● DESCRIPTION OF THE TASK
Please repeat exactly the lines below from the line with "Baby groot drink coffee emoji" to the line with "IMPRESSIONIST OIL PAINTING", including both, and leave out every picture.

● EXERCISE MATERIALS
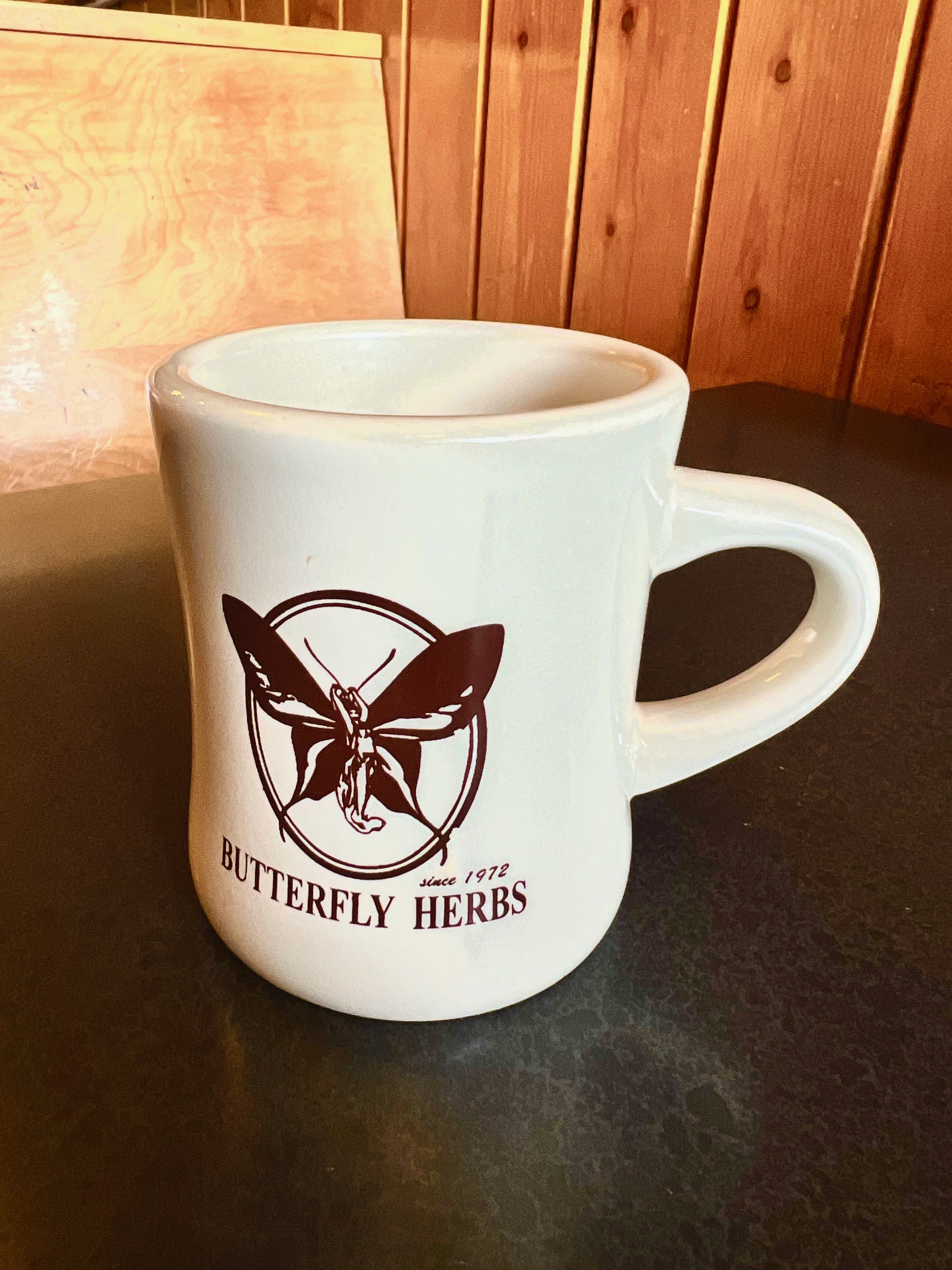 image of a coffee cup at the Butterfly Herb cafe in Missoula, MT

--

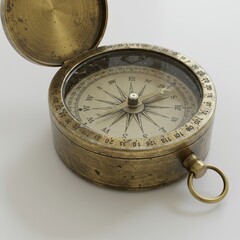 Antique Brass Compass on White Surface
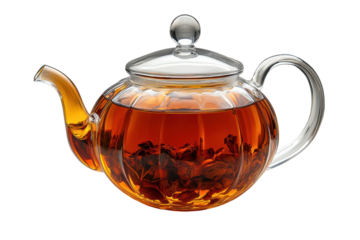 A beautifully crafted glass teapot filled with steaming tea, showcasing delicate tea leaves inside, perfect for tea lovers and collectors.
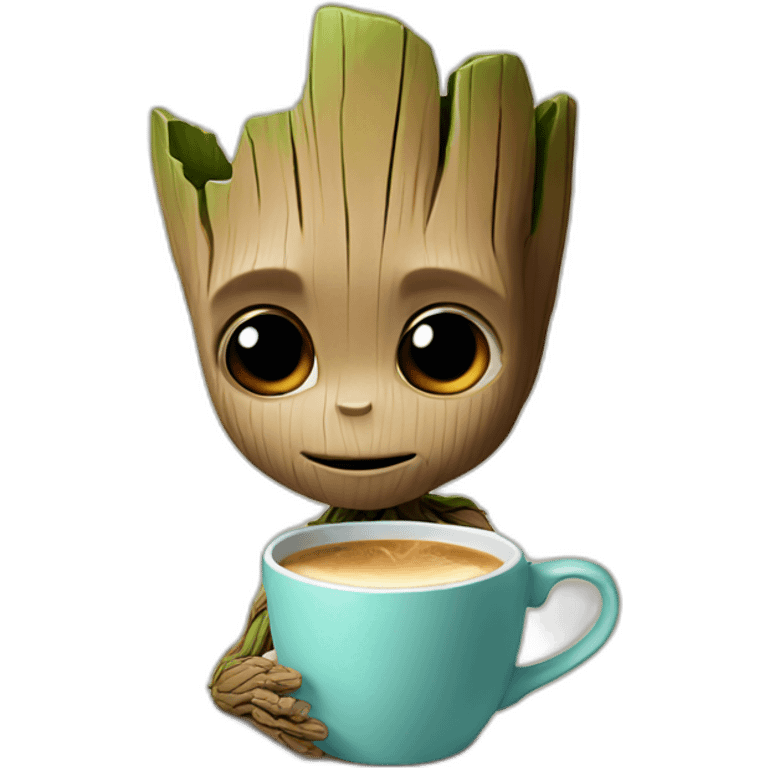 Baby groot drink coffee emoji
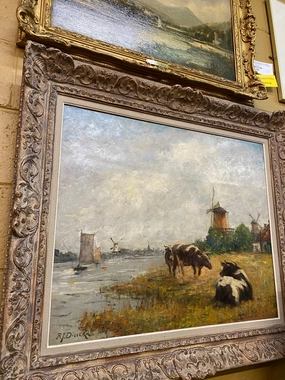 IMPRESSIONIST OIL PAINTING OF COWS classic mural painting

● EXERCISE OUTPUT
 Baby groot drink coffee emoji
 IMPRESSIONIST OIL PAINTING OF COWS classic mural painting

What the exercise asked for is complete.